Agenda? What Agenda? Part II

Now the Atlanta Urinal Constipation Journal Constitition weighs in on the “assault weapons ban”.

Let’s start with the AJC’s complete lack of foreign language skills:

“Adolf Hitler was so delighted with the lethal capability of the new gun presented to him by his ordnance designers during World War II that he dubbed it the “Sterm Kever” — or assault rifle.

Uh, guys, that’s sturmgewehr. Fifteen seconds on Google would have shown you that.

But of course the implication is “Assault weapons are NAZI! If you support the ownership of “assault weapons,” you “put on his hip-high black leather boots and strut around to Wagner arias”! You are “a runty sociopath who prongs a chubster over warby songs about leather-clad thundergods”! (Quotes by James Lileks. I’ve always wanted a place to use those lines!)

But wait! It gets better!

“Today, assault rifles still kill efficiently and quickly, as demonstrated by the Beltway snipers. John Allen Muhammad and Lee Boyd Malvo allegedly wielded a .223-caliber Bushmaster XM15, an assault rifle adapted to evade the 1994 ban on assault weapons.”

Leaving aside the fact that Muhammed and Malvo fired ONE SHOT at each victim (and could, therefore, have used a single-shot target rifle to the same effect) and that the .223 round is considered not powerful enough for anything but small-game hunting in most states. Oh no! It was the somehow magical lethality of the evil black rifle that make Muhammed and Malvo vicious killers!

(I have often wondered what the press would have said if they had used, say, a 7mm Remington Magnum. You know, a DEER CARTRIDGE.)

“Assault rifles were created solely to kill people; today, those people are often law enforcement officers. Forty-one of the 211 U.S. police officers killed in the line of duty between 1998 and 2001 were murdered with assault rifles, according to a new analysis by the Violence Policy Center.”

Well! The Violence Policy Center! That bastion of unimpeachable agendaless fairness! They would be referring to this table. Let me see….

Four (4) with M1 Carbines, eight (8) with SKS rifles, two (2) with Mini-14’s, three (3) M-11’s, and two (2) TEC-9’s. First, the M1, SKS, and Mini-14’s are not and have not been classified as “assault weapons” – no lethal pistol grip on those guns. They look like “nice” semi-automatic rifles because they have the pretty non-lethal wood stocks, rather than the ugly, lethal plastic and metal ones. The M-11 and the TEC-9 are not rifles, they’re handguns. That’s NINETEEN (19) of the 41. And, if these guns were created “solely to kill people,” what of the other 170 officer deaths? They were killed with weapons designed to tickle people?

Now, according to this site between the years of 1998 and 2001 (inclusive) there were 229 officer deaths by firearm, not 211. And according to this table the number of police deaths, at least for the last couple of decades (and excluding the 72 killed in the Twin Towers in 2001) has been apparently unaffected by the relative explosion in the mid 1980’s of “assault weapons” (as defined by the law) into the general populace.
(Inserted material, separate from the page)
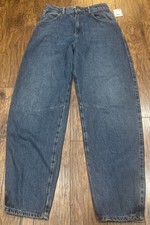 Free People Jeans Womens 27 We the Free Augusta High Rise Slim Barrel Blue Denim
They’re trying to make it sound like the presence of “assault weapons” has somehow added 41 deaths that otherwise would not have occurred. The evidence does not support this. But that’s the conclusion you’re supposed to draw. “Ban ’em, and these cops would have lived!

“To justify assault rifles in home arsenals, the gun industry has created sporting competitions around them and spun the myth that the high-powered weapons are the best guarantee of personal safety.”

This is the thing that really chaps my ass.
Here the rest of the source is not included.